March 1991
Modernity on Endless Trial
By Leszek Kolakowski
Publisher: University of Chicago Press
Pages: 261
Price: $24.95
Review Author: Philip E. Devine
Leszek Kolakowski is a perplexing figure. Expelled from Poland for ideological deviations, he was greeted in the West with an array of well-deserved and mouth-watering academic honors (including invitations to give the Jefferson and Tanner lectures reprinted here), and has also lived to see the triumph of his friends at home. Yet he retains something of the air of a hunted fugitive. Even while a Marxist, he showed a persistent interest in Christian theology; now that (finding himself unable to integrate Marxism with a belief in human rights) he has left the Marxist fold, his relationship to Christianity remains undefined. Modernity on Endless Trial — a collection of essays on culture and politics written between 1973 and 1986 — sheds a little light on the ambiguities and paradoxes that pervade his work.
The first two essays are best understood as responses to the Stanford slogan, “Hey hey, ho ho, Western culture’s gotta go.” His “Looking for the Barbarians” addresses the question, what is it about European — Americans would prefer to say “Western” — civilization that deserves attention in a way Aztec culture, for example, does not? Kolakowski does not think that everything European is good, nor does he suggest that everything Aztec is bad. And he shows no taste for balance sheets of the sort favored by Richard John Neuhaus, who has gone around demanding that people swear that the impact of the United States on the world has been on the whole good. He argues, rather, that European culture is to be valued for its tradition of self-criticism, which made it possible for Bishop Bartolome de las Casas to condemn the Spanish invasion of the New World.

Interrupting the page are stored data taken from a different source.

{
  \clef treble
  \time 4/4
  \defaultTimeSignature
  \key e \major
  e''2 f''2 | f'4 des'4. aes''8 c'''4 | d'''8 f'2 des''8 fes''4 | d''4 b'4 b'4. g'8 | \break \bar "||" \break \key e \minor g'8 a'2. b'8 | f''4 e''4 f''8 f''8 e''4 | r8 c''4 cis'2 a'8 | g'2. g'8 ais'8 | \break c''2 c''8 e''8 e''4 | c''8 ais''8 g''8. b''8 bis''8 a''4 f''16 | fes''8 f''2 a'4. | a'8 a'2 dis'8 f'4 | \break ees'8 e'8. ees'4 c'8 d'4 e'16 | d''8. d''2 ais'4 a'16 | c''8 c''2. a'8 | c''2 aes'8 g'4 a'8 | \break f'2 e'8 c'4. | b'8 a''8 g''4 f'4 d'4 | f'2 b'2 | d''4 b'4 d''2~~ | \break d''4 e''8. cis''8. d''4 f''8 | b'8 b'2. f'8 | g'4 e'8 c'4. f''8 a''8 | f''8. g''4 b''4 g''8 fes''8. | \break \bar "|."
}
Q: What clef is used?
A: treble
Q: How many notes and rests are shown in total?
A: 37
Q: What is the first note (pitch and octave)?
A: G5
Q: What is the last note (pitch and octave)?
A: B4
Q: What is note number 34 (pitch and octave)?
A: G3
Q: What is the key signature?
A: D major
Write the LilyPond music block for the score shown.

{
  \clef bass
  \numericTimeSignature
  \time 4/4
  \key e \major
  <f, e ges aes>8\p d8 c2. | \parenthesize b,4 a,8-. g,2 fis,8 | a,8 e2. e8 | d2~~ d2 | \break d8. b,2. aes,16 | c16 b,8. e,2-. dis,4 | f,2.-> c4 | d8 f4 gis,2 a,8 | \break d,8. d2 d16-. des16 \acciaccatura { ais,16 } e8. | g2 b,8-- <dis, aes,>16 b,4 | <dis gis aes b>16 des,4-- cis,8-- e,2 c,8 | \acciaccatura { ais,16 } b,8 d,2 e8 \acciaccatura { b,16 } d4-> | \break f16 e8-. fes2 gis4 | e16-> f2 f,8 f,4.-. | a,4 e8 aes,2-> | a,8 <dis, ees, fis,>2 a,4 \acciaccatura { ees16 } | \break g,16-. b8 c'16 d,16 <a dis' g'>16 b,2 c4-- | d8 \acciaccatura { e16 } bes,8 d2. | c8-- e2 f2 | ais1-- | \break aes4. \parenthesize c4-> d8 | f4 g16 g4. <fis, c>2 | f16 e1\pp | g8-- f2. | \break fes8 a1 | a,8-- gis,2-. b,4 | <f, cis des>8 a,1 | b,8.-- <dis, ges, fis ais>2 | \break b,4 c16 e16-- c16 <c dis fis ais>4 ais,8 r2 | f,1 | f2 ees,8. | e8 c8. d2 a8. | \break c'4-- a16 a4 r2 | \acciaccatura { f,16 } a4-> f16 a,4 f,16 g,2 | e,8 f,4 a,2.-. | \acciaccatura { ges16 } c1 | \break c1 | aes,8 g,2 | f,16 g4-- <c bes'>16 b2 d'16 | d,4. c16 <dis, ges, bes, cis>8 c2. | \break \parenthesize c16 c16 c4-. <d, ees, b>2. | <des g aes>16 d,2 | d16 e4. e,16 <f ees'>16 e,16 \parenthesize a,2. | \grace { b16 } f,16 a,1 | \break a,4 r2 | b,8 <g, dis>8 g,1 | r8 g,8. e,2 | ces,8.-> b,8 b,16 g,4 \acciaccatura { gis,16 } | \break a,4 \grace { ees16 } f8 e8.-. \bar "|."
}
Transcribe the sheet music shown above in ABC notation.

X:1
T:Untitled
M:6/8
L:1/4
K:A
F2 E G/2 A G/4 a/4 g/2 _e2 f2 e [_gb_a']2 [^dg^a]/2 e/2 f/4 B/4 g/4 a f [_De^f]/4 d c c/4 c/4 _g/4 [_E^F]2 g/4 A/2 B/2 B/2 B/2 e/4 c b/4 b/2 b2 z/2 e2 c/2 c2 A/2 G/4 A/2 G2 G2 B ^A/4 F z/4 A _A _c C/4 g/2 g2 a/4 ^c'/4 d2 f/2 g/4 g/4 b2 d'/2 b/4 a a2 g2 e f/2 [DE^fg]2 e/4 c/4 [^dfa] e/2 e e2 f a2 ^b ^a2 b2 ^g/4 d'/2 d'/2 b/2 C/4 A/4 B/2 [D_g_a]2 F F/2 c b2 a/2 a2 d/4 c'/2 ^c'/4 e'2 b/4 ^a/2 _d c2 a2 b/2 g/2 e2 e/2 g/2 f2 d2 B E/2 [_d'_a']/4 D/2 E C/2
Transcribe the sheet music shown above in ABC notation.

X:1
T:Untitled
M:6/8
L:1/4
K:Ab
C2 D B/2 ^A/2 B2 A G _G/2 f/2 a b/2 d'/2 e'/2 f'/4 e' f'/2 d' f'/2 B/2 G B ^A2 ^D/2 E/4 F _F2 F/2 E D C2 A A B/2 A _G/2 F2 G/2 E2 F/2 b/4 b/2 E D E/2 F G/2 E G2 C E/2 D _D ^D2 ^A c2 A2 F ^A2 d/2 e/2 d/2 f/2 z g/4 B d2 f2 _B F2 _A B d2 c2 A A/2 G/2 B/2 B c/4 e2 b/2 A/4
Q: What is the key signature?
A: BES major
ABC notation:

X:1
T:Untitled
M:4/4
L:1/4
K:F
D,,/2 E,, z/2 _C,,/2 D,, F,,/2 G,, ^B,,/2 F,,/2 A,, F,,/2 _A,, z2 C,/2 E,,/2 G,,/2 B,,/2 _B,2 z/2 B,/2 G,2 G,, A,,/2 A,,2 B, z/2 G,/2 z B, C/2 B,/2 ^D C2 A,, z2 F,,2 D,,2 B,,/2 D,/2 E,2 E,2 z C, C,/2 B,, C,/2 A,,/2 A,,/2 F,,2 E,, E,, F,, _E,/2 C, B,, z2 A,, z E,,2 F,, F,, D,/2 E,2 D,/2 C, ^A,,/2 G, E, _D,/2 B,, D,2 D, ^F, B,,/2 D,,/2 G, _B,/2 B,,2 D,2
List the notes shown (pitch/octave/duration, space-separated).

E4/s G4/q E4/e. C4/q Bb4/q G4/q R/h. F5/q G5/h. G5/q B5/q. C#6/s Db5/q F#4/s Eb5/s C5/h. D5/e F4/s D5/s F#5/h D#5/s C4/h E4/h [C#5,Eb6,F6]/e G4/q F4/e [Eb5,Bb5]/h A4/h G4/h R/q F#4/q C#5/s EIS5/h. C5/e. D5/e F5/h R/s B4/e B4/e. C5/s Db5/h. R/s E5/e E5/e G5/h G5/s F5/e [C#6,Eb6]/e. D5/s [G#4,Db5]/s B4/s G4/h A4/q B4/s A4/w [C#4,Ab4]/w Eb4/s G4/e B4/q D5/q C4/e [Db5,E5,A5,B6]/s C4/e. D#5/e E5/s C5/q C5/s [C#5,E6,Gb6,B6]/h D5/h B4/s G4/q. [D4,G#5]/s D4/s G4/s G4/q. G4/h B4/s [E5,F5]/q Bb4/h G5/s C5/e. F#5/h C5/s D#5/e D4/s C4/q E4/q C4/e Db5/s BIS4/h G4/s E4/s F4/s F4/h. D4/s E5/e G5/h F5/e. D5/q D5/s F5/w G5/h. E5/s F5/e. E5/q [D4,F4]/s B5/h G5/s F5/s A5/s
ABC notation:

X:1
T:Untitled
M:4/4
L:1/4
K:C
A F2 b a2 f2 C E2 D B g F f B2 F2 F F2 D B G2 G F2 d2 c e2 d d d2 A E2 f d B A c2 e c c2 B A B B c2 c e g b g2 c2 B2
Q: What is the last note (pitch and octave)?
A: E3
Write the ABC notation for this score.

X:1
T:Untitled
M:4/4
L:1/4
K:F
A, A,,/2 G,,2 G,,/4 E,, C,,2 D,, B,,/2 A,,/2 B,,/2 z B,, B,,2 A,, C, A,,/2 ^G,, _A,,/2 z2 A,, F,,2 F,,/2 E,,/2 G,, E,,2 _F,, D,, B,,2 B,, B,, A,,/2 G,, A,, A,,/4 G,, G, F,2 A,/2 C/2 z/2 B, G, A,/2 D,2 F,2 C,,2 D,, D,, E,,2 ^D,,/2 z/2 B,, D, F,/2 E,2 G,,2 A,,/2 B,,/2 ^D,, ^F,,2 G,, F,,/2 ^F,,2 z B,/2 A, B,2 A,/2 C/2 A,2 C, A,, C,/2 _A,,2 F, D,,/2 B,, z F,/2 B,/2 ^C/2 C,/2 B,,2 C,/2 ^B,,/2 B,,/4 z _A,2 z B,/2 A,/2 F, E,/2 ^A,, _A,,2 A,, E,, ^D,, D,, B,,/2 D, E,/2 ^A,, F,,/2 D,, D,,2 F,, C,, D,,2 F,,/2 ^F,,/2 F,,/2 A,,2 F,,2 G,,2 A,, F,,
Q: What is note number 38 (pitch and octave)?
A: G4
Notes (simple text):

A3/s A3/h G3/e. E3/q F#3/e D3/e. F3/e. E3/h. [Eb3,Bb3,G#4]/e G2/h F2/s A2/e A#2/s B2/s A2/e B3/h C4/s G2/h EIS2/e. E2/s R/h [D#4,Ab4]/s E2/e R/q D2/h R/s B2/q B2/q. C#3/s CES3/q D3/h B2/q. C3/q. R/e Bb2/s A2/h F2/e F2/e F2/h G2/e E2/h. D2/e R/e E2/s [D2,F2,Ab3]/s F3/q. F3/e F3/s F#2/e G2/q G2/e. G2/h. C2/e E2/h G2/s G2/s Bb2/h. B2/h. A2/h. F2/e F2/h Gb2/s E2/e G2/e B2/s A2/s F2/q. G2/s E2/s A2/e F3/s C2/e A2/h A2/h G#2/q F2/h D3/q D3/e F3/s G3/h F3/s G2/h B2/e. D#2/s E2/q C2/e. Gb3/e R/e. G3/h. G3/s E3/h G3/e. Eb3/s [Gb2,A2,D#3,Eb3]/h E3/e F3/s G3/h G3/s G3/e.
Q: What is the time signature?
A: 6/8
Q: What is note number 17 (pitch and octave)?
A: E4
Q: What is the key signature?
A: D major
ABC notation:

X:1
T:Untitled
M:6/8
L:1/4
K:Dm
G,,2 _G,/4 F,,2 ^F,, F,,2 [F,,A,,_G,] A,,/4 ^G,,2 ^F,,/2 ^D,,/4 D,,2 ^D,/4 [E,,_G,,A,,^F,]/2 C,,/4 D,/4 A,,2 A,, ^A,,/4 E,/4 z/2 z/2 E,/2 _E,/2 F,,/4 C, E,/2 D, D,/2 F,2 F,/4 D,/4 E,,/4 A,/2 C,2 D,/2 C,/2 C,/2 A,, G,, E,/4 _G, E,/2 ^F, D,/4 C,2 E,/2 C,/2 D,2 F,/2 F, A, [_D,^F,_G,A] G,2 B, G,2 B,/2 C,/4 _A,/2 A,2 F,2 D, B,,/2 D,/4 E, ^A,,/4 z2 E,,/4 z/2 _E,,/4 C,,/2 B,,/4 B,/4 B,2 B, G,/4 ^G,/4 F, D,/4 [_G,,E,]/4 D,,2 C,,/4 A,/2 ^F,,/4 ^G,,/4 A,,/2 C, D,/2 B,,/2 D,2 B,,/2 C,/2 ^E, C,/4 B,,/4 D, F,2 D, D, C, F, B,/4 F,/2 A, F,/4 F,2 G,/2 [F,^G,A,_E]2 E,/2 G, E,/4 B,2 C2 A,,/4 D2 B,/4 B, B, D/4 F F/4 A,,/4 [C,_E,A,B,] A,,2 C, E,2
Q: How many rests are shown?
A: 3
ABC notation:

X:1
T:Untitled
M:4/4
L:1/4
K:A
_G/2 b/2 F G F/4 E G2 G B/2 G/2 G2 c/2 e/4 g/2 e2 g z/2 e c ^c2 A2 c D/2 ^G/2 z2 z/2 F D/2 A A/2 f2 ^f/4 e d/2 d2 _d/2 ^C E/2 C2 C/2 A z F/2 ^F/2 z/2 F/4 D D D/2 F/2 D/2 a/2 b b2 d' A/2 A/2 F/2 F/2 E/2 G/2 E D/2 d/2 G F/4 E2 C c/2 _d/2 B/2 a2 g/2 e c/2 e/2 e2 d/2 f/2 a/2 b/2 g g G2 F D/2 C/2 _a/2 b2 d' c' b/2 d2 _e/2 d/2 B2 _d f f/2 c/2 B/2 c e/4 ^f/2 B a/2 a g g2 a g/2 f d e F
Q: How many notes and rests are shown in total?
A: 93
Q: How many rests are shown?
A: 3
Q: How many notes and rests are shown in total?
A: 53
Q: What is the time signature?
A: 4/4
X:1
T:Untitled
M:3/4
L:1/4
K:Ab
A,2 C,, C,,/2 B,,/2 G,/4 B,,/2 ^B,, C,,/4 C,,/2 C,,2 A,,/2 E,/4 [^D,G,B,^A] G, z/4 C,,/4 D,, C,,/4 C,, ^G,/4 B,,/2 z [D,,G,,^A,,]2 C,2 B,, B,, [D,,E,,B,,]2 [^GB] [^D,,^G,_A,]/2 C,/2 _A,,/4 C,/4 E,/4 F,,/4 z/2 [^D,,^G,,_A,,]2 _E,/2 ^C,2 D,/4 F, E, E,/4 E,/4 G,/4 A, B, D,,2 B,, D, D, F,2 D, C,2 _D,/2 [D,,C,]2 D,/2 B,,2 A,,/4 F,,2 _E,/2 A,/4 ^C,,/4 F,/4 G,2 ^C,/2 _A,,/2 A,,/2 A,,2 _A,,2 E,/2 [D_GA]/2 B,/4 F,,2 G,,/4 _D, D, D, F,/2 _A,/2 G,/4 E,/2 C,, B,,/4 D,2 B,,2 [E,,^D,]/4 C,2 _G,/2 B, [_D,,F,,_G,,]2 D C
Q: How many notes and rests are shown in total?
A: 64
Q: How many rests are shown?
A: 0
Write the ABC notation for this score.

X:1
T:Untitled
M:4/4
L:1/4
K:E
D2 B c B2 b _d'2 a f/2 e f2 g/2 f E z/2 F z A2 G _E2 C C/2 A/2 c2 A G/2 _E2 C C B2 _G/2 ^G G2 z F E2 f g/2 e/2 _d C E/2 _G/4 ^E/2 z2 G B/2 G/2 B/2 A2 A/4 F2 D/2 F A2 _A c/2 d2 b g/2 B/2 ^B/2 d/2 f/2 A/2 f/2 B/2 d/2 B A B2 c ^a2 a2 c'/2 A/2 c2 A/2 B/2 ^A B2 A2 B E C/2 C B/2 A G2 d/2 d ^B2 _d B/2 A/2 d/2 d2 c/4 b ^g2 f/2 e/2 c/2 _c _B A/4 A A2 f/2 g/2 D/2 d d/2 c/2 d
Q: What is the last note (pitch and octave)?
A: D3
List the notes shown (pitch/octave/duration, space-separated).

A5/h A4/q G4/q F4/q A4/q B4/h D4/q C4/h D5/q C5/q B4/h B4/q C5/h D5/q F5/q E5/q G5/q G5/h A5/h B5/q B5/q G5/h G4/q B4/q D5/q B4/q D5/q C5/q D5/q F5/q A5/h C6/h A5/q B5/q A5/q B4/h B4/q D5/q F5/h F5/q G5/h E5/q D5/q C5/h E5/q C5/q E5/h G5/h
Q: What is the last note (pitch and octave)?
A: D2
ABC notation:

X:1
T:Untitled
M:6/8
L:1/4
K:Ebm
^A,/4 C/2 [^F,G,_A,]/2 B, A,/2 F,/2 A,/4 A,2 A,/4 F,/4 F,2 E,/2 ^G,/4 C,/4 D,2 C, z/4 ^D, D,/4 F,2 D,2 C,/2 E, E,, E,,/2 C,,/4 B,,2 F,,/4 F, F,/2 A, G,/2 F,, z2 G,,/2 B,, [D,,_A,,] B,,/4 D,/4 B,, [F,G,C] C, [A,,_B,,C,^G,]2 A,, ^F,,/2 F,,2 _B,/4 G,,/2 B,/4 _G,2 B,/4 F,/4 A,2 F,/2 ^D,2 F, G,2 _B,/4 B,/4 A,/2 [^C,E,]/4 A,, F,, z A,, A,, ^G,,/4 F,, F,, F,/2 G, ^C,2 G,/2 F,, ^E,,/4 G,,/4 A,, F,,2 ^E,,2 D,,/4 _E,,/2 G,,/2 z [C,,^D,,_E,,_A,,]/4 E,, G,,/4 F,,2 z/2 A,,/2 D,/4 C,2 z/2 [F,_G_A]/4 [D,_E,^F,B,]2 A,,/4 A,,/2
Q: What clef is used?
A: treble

The title essay addresses the question, beloved both of conservatives and disappointed parents, “Where did we go wrong?” He invokes what he later calls “the self-poisoning of the open society”: the tendency of critical reason to erode taboos, and destroy (or expand to the point of vacuity) the sphere of the sacred. He is pessimistic about our ability to distinguish between taboos that protect human dignity, such as those that bar forced euthanasia for the homeless, and taboos that support social oppression, such as those against interracial marriage. Yet he holds that the vitality and coherence of a society require that at least some of its standards be protected against challenge.
In the space defined by these two arguments, he develops a rich and satisfying philosophy of cultural politics. (In contrast, his general political philosophy is hopelessly tied to the cold war; without an “evil empire,” it collapses into a form of social democracy so moderate as to be empty.) He honors the insights of exiles and utopian dreamers, while resisting schemes of enforced fraternity. He rejects that attempt to abolish conflict which would abolish every sort of difference among people.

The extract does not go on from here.